- _Exercise directions_: Your task is to write out the entire listing exactly, omitting its pictures.

- _Data extract_:
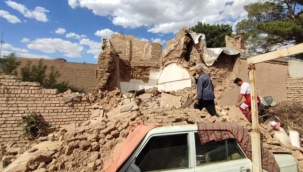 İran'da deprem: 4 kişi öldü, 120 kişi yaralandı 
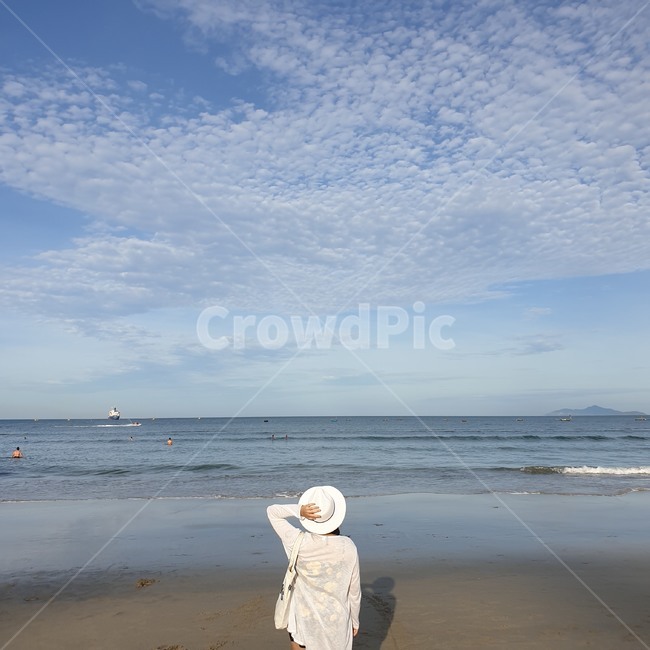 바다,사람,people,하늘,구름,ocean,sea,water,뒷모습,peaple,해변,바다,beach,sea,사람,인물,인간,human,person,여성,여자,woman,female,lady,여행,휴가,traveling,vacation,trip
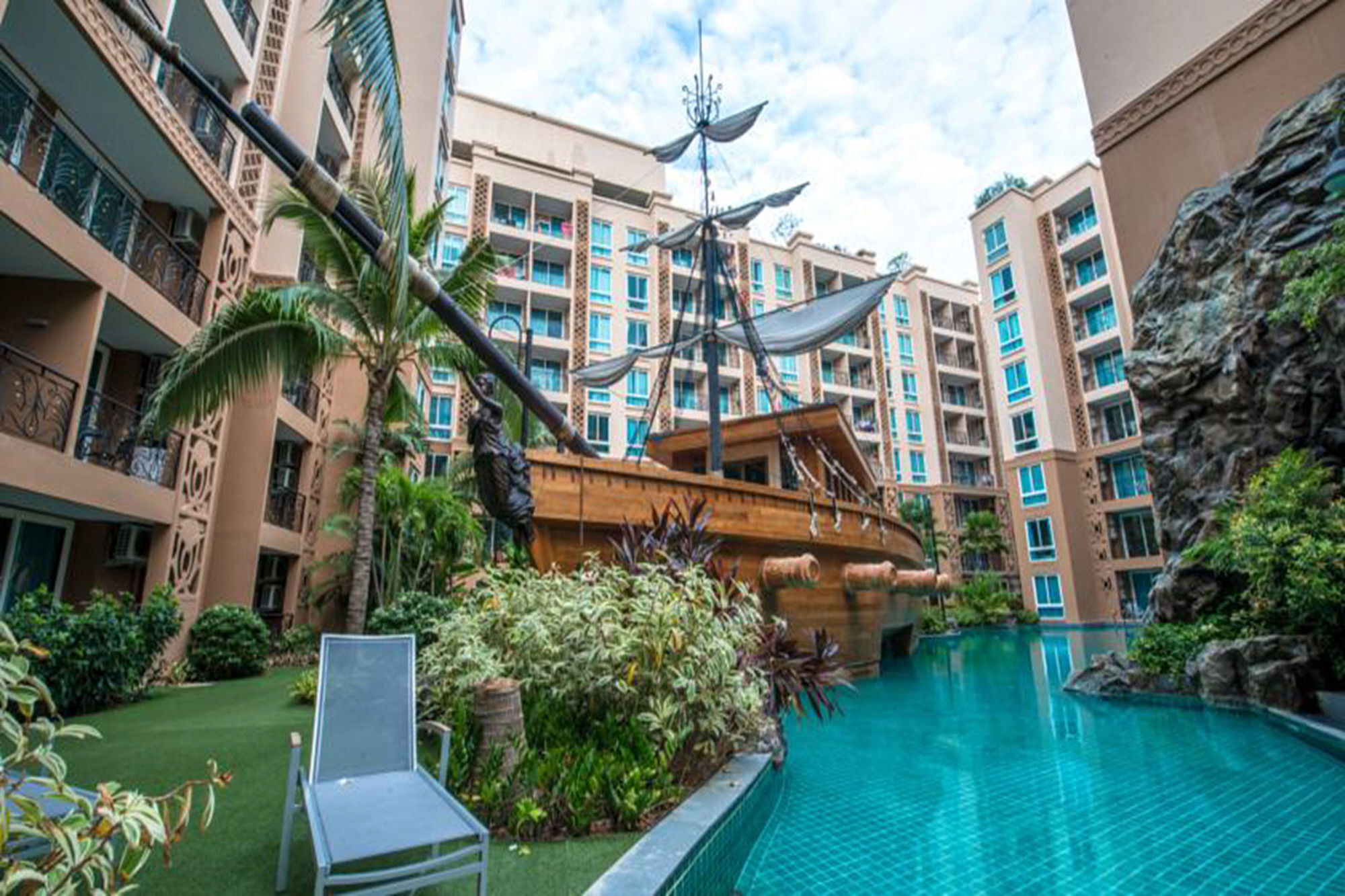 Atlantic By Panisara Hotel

- _Response to the exercise_:
 İran'da deprem: 4 kişi öldü, 120 kişi yaralandı 
 바다,사람,people,하늘,구름,ocean,sea,water,뒷모습,peaple,해변,바다,beach,sea,사람,인물,인간,human,person,여성,여자,woman,female,lady,여행,휴가,traveling,vacation,trip
 Atlantic By Panisara Hotel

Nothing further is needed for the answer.